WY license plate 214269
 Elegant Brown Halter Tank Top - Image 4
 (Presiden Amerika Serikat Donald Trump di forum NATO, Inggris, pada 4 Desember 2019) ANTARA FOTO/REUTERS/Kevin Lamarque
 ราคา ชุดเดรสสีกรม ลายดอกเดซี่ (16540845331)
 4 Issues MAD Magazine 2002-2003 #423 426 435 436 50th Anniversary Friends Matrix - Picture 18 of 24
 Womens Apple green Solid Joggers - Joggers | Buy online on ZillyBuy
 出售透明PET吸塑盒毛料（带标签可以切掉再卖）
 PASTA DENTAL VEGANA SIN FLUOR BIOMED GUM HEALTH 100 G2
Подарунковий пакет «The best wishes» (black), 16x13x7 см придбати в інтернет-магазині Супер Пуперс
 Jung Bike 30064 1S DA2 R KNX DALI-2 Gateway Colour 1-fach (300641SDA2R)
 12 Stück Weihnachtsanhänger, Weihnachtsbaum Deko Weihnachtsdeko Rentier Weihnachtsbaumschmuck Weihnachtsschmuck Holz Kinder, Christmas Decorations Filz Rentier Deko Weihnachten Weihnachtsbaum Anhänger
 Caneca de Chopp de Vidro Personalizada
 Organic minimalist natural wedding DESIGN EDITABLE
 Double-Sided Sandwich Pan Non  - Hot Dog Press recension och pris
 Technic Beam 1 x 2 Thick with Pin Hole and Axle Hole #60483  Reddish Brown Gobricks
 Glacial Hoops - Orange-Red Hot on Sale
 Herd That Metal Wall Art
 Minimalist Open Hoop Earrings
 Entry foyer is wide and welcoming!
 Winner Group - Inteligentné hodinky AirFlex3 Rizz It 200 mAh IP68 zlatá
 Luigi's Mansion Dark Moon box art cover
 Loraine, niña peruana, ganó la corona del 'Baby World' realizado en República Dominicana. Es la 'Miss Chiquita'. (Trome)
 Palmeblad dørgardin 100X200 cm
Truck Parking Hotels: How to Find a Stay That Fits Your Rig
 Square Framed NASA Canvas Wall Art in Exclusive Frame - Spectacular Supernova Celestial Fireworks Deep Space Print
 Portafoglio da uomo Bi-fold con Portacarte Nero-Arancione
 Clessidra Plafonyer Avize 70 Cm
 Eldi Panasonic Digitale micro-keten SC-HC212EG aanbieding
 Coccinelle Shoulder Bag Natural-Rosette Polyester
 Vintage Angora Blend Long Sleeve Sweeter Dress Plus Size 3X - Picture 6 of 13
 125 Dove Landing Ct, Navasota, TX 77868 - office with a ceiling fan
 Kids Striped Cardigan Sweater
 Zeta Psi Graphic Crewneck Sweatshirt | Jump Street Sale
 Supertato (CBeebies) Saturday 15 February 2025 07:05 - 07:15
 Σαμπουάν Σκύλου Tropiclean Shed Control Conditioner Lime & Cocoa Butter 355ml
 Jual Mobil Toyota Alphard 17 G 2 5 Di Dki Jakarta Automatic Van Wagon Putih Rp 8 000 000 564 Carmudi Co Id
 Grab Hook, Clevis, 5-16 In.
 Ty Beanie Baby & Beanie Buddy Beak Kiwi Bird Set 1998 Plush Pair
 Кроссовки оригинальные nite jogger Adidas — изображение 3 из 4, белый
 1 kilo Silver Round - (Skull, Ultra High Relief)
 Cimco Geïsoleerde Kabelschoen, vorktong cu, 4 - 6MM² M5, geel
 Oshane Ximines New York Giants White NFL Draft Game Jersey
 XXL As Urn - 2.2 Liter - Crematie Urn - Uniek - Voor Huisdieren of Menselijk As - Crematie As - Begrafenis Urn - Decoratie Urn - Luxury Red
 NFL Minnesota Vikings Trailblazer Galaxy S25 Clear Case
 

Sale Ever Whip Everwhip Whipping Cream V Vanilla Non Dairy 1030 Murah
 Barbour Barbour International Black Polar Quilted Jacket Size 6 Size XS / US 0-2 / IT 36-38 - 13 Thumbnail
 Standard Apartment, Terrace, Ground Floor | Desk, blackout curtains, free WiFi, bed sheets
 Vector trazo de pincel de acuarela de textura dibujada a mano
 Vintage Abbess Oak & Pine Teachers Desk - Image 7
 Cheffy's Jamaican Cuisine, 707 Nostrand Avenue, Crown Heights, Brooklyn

◆ TASK BRIEF
Given the records above, reproduce precisely and only the lines between the line holding "1 kilo Silver" and the line holding "XXL As Urn - 2.2", inclusive.

◆ EXERCISE SOLUTION
 1 kilo Silver Round - (Skull, Ultra High Relief)
 Cimco Geïsoleerde Kabelschoen, vorktong cu, 4 - 6MM² M5, geel
 Oshane Ximines New York Giants White NFL Draft Game Jersey
 XXL As Urn - 2.2 Liter - Crematie Urn - Uniek - Voor Huisdieren of Menselijk As - Crematie As - Begrafenis Urn - Decoratie Urn - Luxury Red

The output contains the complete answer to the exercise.